Playing with Bande Montreal Baroque was an incredible experience for me. My first rehearsal was the pinch I needed to wake me from the dream-like daze I was in. Everyone around me in Susie's living room has been featured on at least one CD in my library - and I don't have a large collection - and were all ready to take on the new Brandenburgs. Although I had some time to look at the music while in Toronto, I was certainly not ready to pick up on the time-bending and extraordinary articulations so commonly found in the music of Susie and Eric, our director for the Brandenburgs. To everyone else these, what seemed to me, outlandish ideas were expected.


I also performed with the BMB in a production of Lully’s Ballet Royale de l’Impatience at A392 with Les Jardins Choréographiques, Montreal's resident baroque dance company. I wasn’t quite as prepared for that as I was hoping – mainly due to the fact that I wasn’t so accustomed to playing on the Bizey bassoon – but it was an excellent performance. I’ve never worked in a professional stage production before and, after this show, I would love to do it again. Noam, our musical director for the Lully, was very good and I enjoyed playing much simpler music. In all of my Brandenburg concerti I sat next to Susie, and the Lully was no exception. Her bowing and articulations were a revelation to me, having only worked and sat next to bassoonists before, and I learned much from the experience.

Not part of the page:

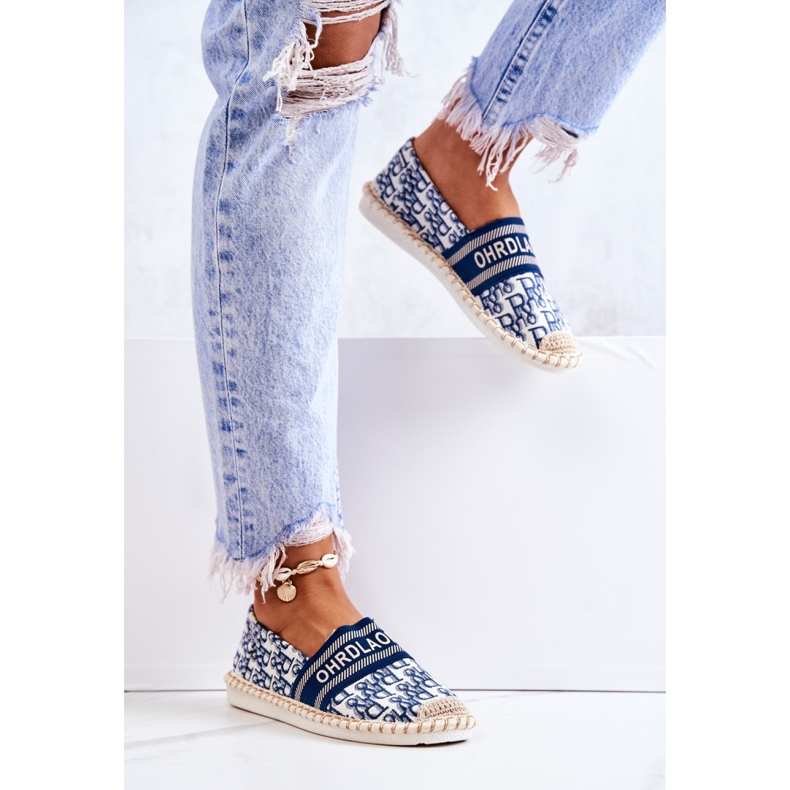 Espadrilles Model Warm Time NB358P Blue - Step in style 2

After playing in this festival I feel as if my playing has somewhat radicalized. That isn’t a bad thing however, as the only thing that I look for – as a listener – is a top-quality performance that has it’s own unique identity. I don’t want to hear 5 different cds of the Mozart concerto all striving for the same tone and even technique. I want to hear Sergio Azzolini play the Vivaldi’s like no one’s ever heard them before, or Les Voix Humaines play Le Phenix…

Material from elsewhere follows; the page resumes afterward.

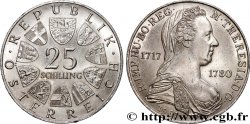 AUTRICHE 25 Schilling Proof 250e anniversaire de l’impératrice Marie-Thérèse 1967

After the festival finished, we recorded the Brandenburgs for the ATMA label. This was my first ever cd and I learned much about scheduling and how little to take a finished cd as a real musical product. CDs require so many takes – both full and sections – that one 3 minute track could be produced with an hours worth of material. It makes you appreciate more the records of the great performers from the first half of the 20th century when everything had to be done in one go.

Now I’m back in Ottawa and working for the Ottawa Chamber Music Society. There’s one more full week ahead of us before the festival starts, and it’s crunch time. However, there seems to be a lot less to do than this time last year. There are more staff members and everyone is gung-ho for Chamberfest 2011.